== Task to complete ==
When a line of the entries contains the word "with", report that line.

(Brief descriptive captions)
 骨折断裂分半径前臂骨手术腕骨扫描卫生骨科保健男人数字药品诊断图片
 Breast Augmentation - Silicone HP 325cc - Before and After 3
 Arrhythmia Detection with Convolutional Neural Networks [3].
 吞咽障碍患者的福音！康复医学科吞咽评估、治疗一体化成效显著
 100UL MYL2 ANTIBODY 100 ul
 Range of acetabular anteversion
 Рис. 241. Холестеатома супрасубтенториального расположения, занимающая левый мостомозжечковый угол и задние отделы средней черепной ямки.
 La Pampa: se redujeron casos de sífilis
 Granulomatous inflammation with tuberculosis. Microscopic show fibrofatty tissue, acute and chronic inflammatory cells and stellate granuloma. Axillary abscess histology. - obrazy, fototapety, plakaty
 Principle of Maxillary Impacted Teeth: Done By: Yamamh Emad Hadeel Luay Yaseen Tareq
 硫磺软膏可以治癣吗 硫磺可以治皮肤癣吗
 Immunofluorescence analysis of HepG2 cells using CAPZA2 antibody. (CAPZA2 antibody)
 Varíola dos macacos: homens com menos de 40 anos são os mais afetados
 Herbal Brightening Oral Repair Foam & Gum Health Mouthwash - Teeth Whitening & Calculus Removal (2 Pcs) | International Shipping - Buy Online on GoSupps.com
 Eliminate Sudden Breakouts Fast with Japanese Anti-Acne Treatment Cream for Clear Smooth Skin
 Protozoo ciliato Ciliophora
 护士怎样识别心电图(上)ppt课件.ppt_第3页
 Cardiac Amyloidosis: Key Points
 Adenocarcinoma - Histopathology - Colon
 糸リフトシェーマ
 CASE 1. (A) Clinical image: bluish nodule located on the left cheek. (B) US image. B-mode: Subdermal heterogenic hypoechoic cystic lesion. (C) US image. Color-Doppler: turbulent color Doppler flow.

== Result ==
 Arrhythmia Detection with Convolutional Neural Networks [3].
 Granulomatous inflammation with tuberculosis. Microscopic show fibrofatty tissue, acute and chronic inflammatory cells and stellate granuloma. Axillary abscess histology. - obrazy, fototapety, plakaty
 Eliminate Sudden Breakouts Fast with Japanese Anti-Acne Treatment Cream for Clear Smooth Skin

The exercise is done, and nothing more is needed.